• Task data:
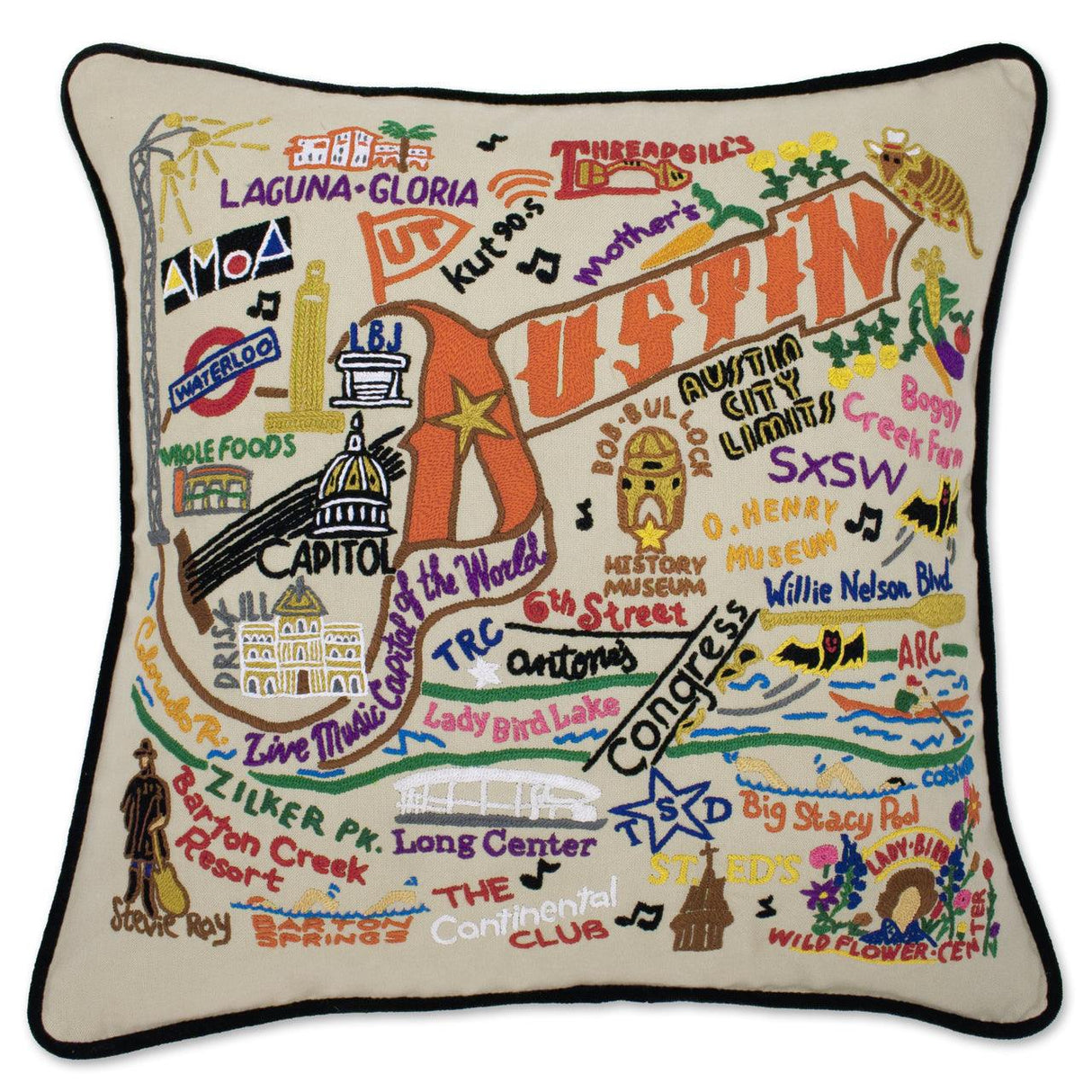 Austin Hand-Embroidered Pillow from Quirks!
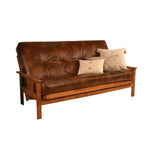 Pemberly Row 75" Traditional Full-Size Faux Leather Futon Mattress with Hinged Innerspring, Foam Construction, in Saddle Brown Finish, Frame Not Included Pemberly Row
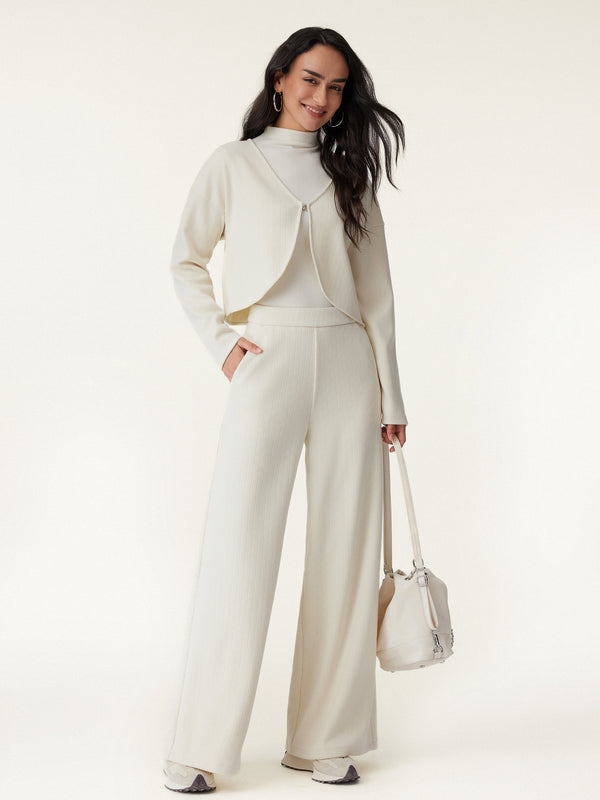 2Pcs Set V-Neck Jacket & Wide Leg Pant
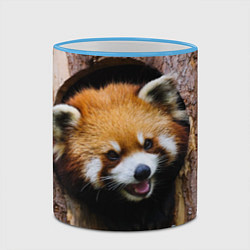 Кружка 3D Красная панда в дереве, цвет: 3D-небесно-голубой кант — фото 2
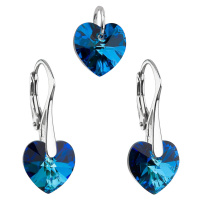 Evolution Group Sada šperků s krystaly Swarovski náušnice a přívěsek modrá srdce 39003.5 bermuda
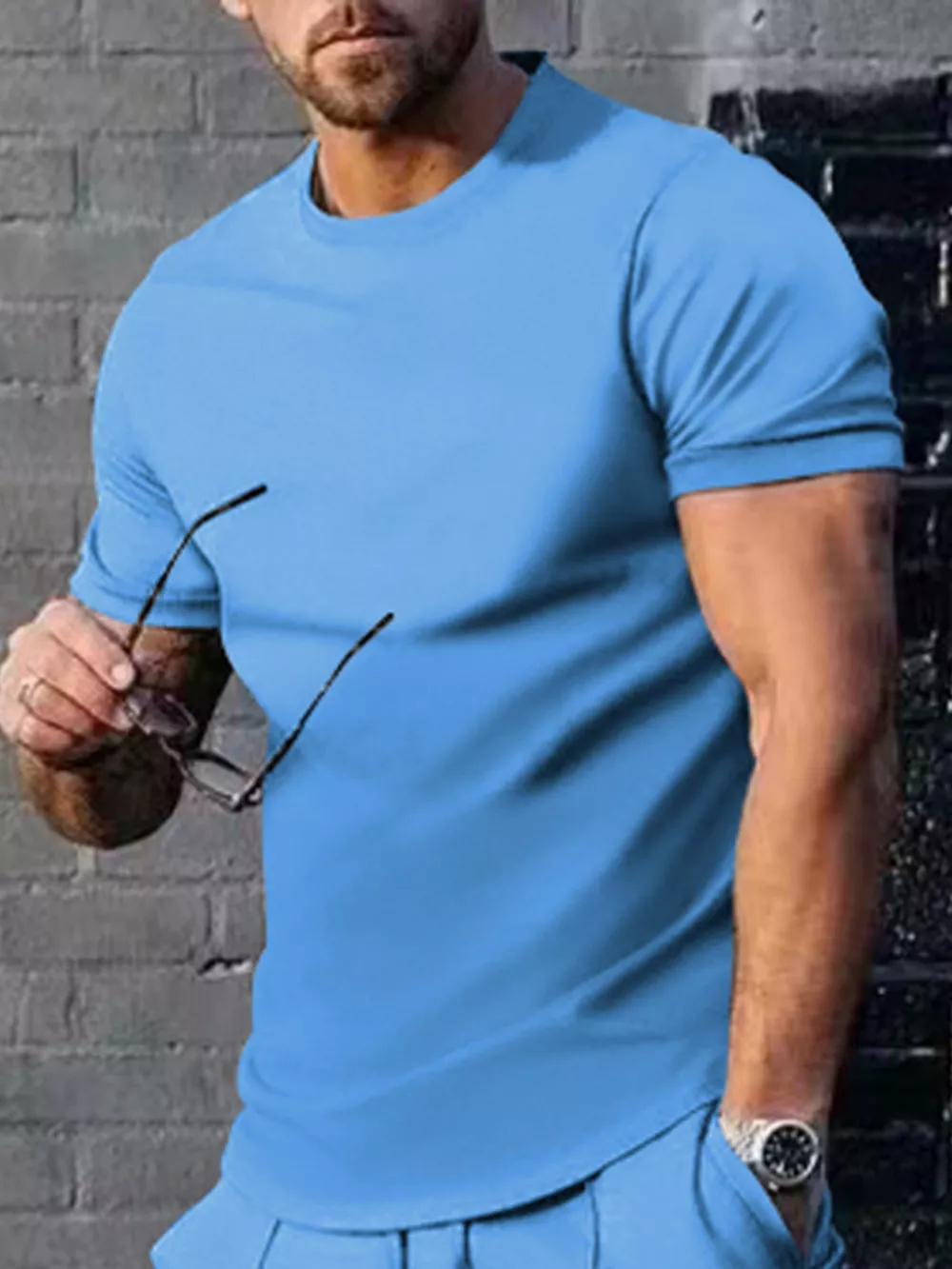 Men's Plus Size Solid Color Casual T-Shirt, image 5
==
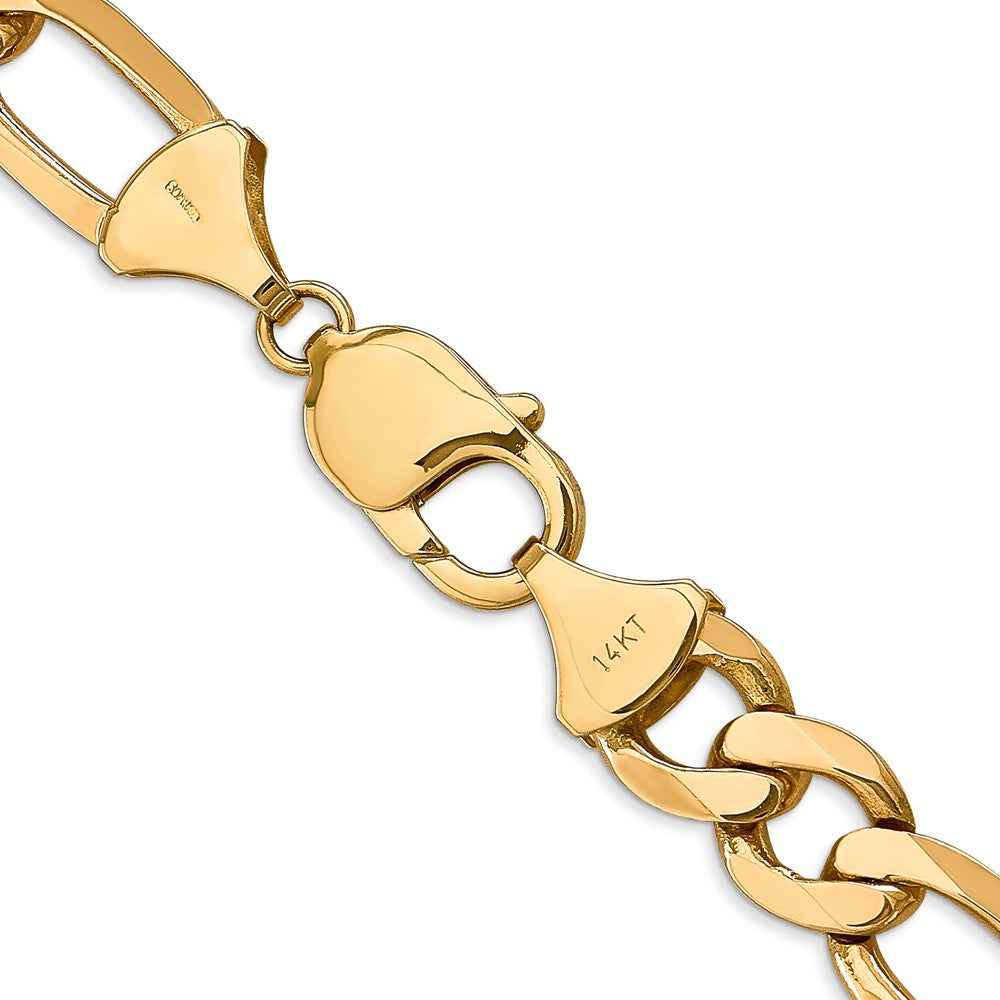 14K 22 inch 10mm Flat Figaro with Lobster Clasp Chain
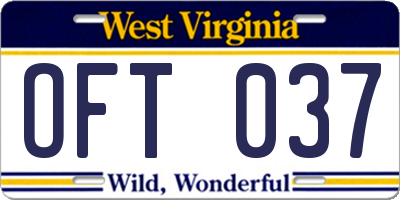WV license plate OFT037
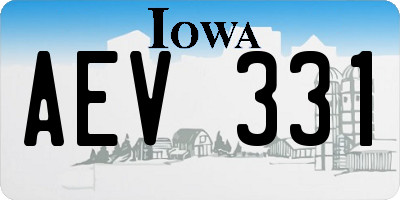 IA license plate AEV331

• Work to complete:
Beginning with the line above that has "Кружка 3D Красная" and going on through the line that has "Men's Plus Size", retype every line exactly and add nothing else; drop the pictures.

• Reply:
 Кружка 3D Красная панда в дереве, цвет: 3D-небесно-голубой кант — фото 2
 Evolution Group Sada šperků s krystaly Swarovski náušnice a přívěsek modrá srdce 39003.5 bermuda
 Men's Plus Size Solid Color Casual T-Shirt, image 5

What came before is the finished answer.